## What you should do
Every line below needs to be transcribed without alteration, and no image may be carried over.

## Data below

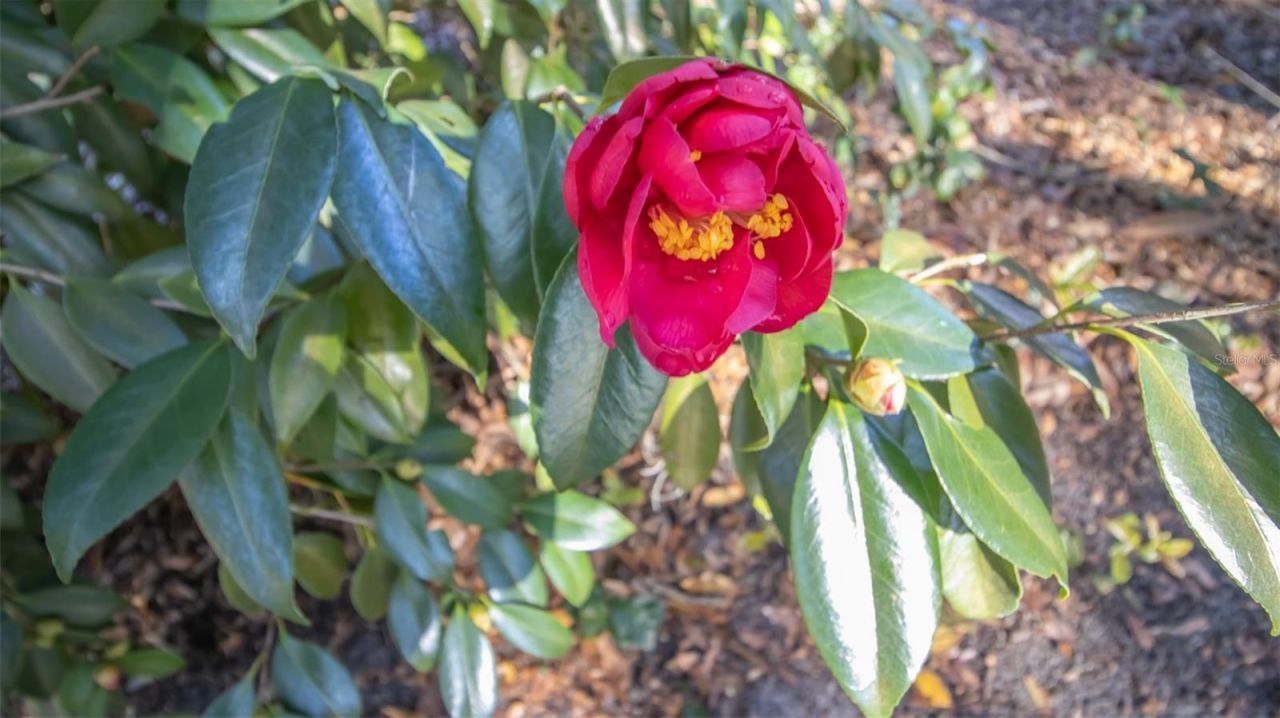 243 Herman Drive, Hawthorne, FL 32640 Photo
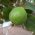 Feijoa (Ananasguave)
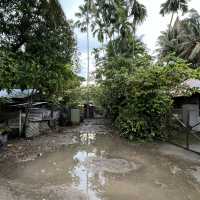 Singapore’s last mainland village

## Answer below
 243 Herman Drive, Hawthorne, FL 32640 Photo
 Feijoa (Ananasguave)
 Singapore’s last mainland village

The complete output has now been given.